Broadly speaking, “Sukiyaki” can be divided into “Kanto style” and “Kansai style”, and the method of making and taste differ. With “Kanto style”, you first make a seasoning called a “Warishita”, in which you mix sugar, soy sauce, “mirin”, and “Sake”, in advance, and then boil the meat and vegetables. With “Kansai style”, on the other hand, no “Warishita” is made, and you add flavors such as sugar and soy sauce after baking the meat, and then vegetables, before adding “Kaeshi” (a mixture of mirin, boiled to remove the alcohol, and soy sauce), as well as “Sake” and soup stock, to prevent it boiling down.As “Warishita” is commercially available, it may be easier to make Kanto-style when making Sukiyaki the first time.

Origins of “Sukiyaki”

Originally, “Sukiyaki” is a food from Kansai. The name is said to originate from the fact that meat is placed on the metal section known as a “Suki (farm implement for digging up earth in the shape of a scoop)” before baking and eating. On the other hand, in Kanto there is the “Gyunabe”, in which the beef and other ingredients are boiled in the “Warishita”. These are all merged and later became known as “Sukiyaki”. For this reason, the way of making it and the taste differ between Kanto style and Kansai style.

How to make

First, let’s confirm the differences between Kanto style and Kansai style through some videos.

Kanto Style

Kansai Style

Prepare the ingredients

Cut the beef into thin, easy-to-eat, sized strips. It is convenient to use meat “for Sukiyaki”, which is thinly-cut and sold in stores.

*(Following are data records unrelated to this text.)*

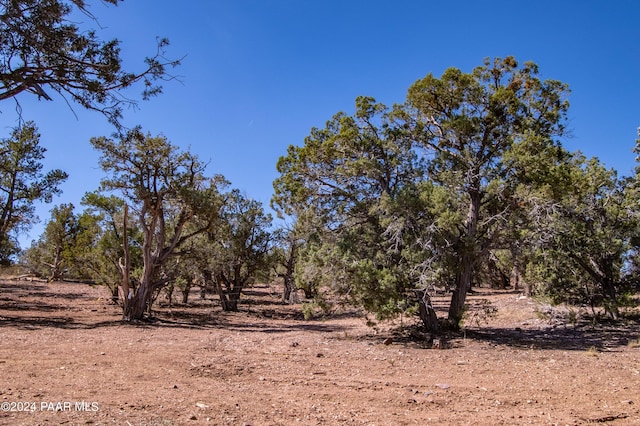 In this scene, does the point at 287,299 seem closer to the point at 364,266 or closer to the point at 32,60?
the point at 364,266

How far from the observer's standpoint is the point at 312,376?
327 inches

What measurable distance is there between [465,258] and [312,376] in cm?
671

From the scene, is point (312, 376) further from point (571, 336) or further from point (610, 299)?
point (610, 299)

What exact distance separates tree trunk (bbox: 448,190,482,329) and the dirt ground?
884mm

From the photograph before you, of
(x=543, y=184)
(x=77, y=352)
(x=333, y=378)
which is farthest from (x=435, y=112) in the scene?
(x=77, y=352)

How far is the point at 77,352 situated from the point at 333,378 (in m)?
6.01

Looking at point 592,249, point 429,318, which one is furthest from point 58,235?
point 592,249

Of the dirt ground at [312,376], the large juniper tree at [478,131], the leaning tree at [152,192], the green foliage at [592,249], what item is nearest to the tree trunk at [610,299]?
the green foliage at [592,249]

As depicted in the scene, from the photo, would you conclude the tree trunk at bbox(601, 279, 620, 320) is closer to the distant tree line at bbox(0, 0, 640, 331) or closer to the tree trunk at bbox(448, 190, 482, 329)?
the distant tree line at bbox(0, 0, 640, 331)

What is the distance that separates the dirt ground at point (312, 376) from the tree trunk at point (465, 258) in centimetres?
88

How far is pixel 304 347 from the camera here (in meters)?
12.1

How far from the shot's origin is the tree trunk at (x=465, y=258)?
41.5 ft

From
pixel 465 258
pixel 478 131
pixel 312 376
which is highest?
pixel 478 131

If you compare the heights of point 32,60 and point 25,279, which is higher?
point 32,60
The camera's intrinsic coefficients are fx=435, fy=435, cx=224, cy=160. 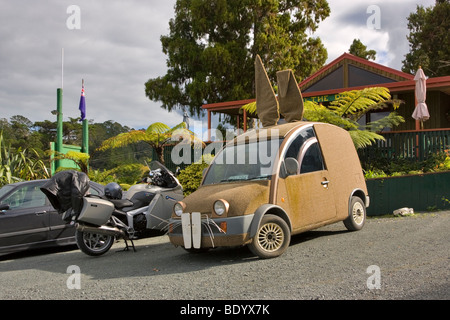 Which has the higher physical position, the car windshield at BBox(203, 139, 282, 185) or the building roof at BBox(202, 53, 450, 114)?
the building roof at BBox(202, 53, 450, 114)

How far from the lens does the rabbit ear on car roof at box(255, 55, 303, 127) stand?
8914mm

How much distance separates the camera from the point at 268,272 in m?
5.24

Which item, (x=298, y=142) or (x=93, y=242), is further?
(x=93, y=242)

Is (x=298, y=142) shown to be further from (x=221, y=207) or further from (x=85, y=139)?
(x=85, y=139)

Cut the leek in slants, and cut the “Shungiku”, “Mizuna”, and white cabbage to easy-to-eat sizes. Use a peeler to peel hard vegetables, such as burdock root. Remove the butt end from the Shiitake and Enoki mushrooms, and divide them in an easy-to-eat quantity. Divide the tofu into 8 equal parts. When you boil the “Shirataki”, some foam will appear, so we recommend pre-boiling in lightly salted water in advance. If the Shirataki is not bundled, cut to approximately 15cm.

[Kanto style only] Prepare the “Warishita”

Mix together the sugar, soy sauce, “sake”, and “mirin”. You may wish to add soup stock to taste. The quantities are up to you, but it may be good to use commercially-available “Sukiyaki sauce” at first.

Bake the meat before eating

First, enjoy eating the meat. After that, you can enjoy the remainder of the meat with the vegetables.

Heat the pot and melt the beef tallow. Spread out the beef and cook both sides. In the case of Kanto style, mix in a small amount of “Warishita” when eating. In the case of Kansai style, mix in sugar and soy sauce when eating.

Bake the rest of the meat, add vegetables and boil

Bake the remainder of the meat and add vegetables.

In the case of Kanto style, add “Warishita” so it fills up half of the pot, and boil. In the case of Kansai style, add sugar and soy sauce, and then add “Kaeshi”, “Sake”, and soup stock to prevent it boiling down.

In either case, add the vegetables that take longer to cook first.

How to eat

Generally, with “Sukiyaki”, you add a raw egg when eating. If you are not so keen on raw eggs, why not try half-cooked, fried eggs, or “onsen tamago” (eggs cooked in hot springs)? If you are going to eat it without adding the eggs, we recommend making the sauce a little weaker.

Just before finishing the “Sukiyaki” and just before the solid ingredients and soup completely disappear, we recommend adding pre-cooked “Udon” noodles or cooked rice.